Although amenorrhea may result from a number of different conditions, a systematic evaluation including a detailed history, physical examination, and laboratory assessment of selected serum hormone levels can usually identify the underlying cause. Primary amenorrhea, which by definition is failure to reach menarche, is often the result of chromosomal irregularities leading to primary ovarian insufficiency (e.g., Turner syndrome) or anatomic abnormalities (e.g., Müllerian agenesis).

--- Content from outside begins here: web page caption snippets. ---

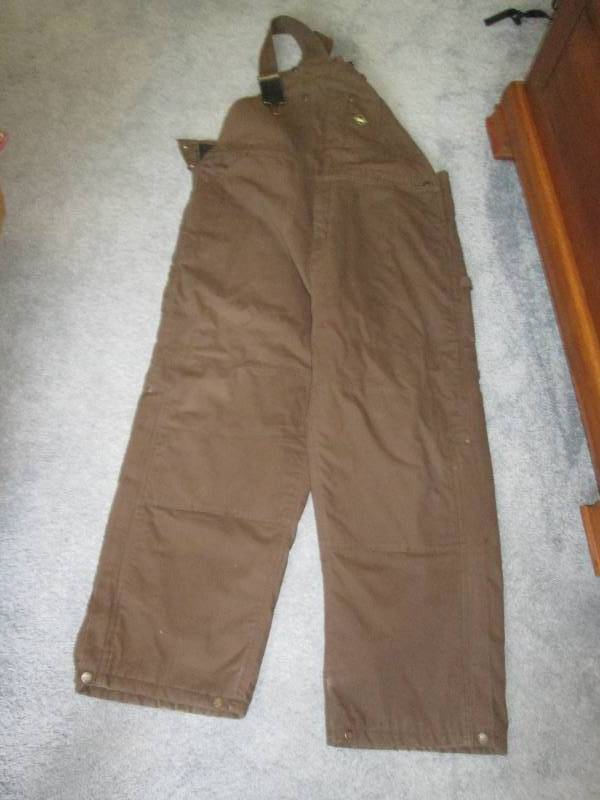 lot 82 image: Berne Jobsite12 Mens Insulated Bib Overalls  2XL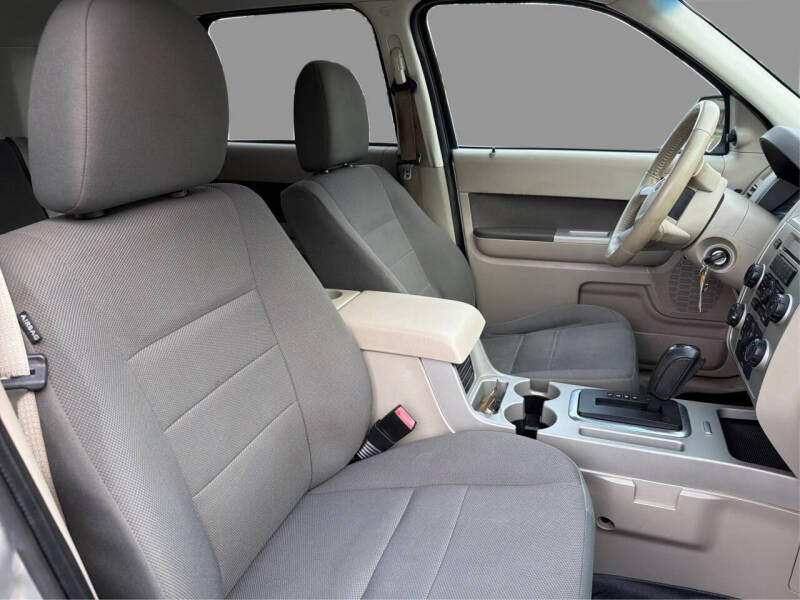 2009 Ford Escape XLT
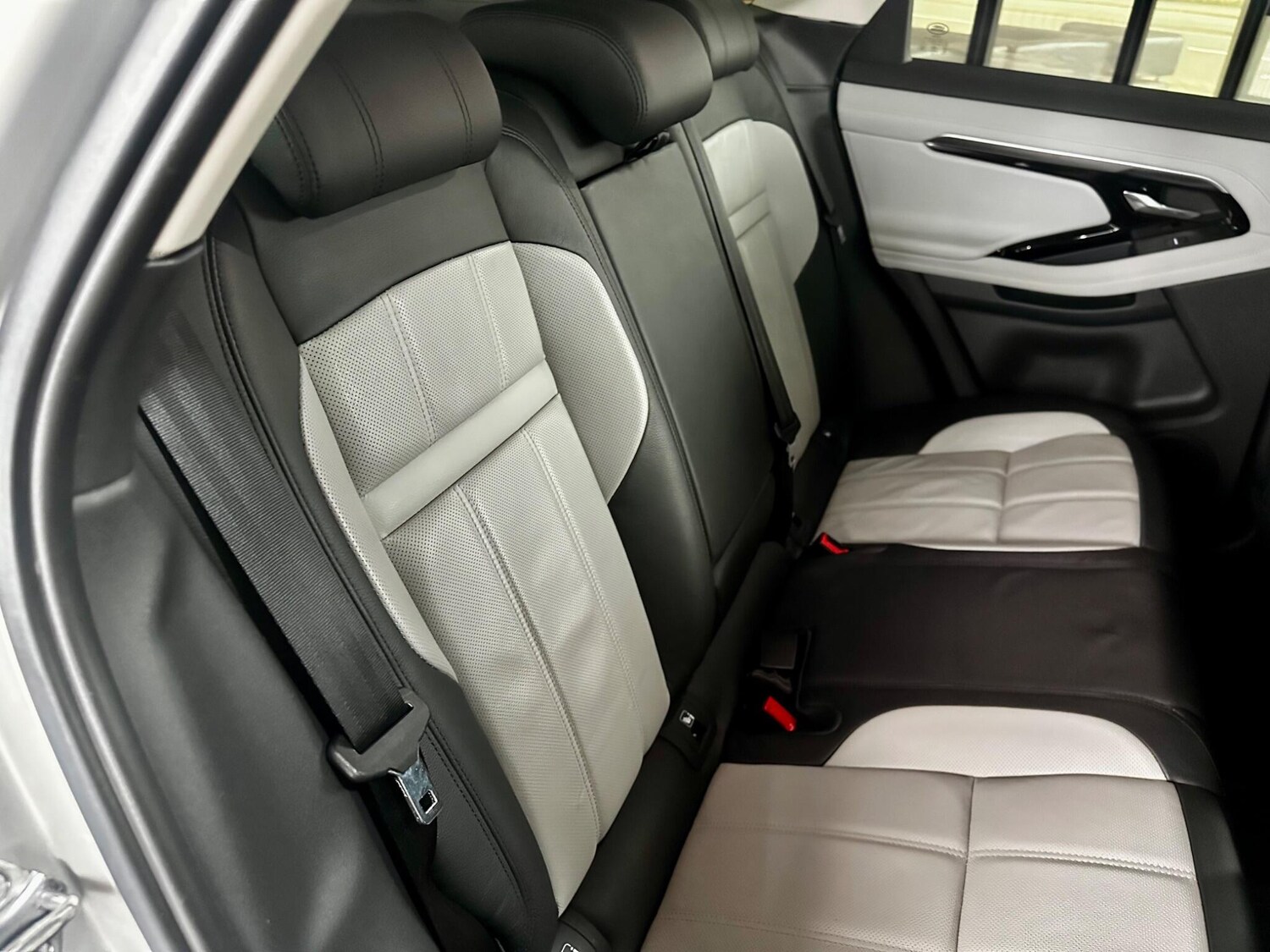 Used Land Rover Range Rover Evoque 2019 for sale - 77646709: Photo 44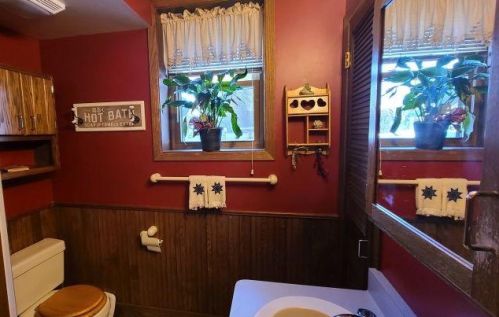 1080 Boughton St, Watertown WI 53094-4126 exterior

Secondary amenorrhea is defined as the cessation of regular menses for three months or the cessation of irregular menses for six months. Most cases of secondary amenorrhea can be attributed to polycystic ovary syndrome, hypothalamic amenorrhea, hyperprolactinemia, or primary ovarian insufficiency. Pregnancy should be excluded in all cases. Initial workup of primary and secondary amenorrhea includes a pregnancy test and serum levels of luteinizing hormone, follicle-stimulating hormone, prolactin, and thyroid-stimulating hormone. Patients with primary ovarian insufficiency can maintain unpredictable ovarian function and should not be presumed infertile. Patients with hypothalamic amenorrhea should be evaluated for eating disorders and are at risk for decreased bone density. Patients with polycystic ovary syndrome are at risk for glucose intolerance, dyslipidemia, and other aspects of metabolic syndrome. Patients with Turner syndrome (or variant) should be treated by a physician familiar with the appropriate screening and treatment measures. Treatment goals for patients with amenorrhea may vary considerably, and depend on the patient and the specific diagnosis.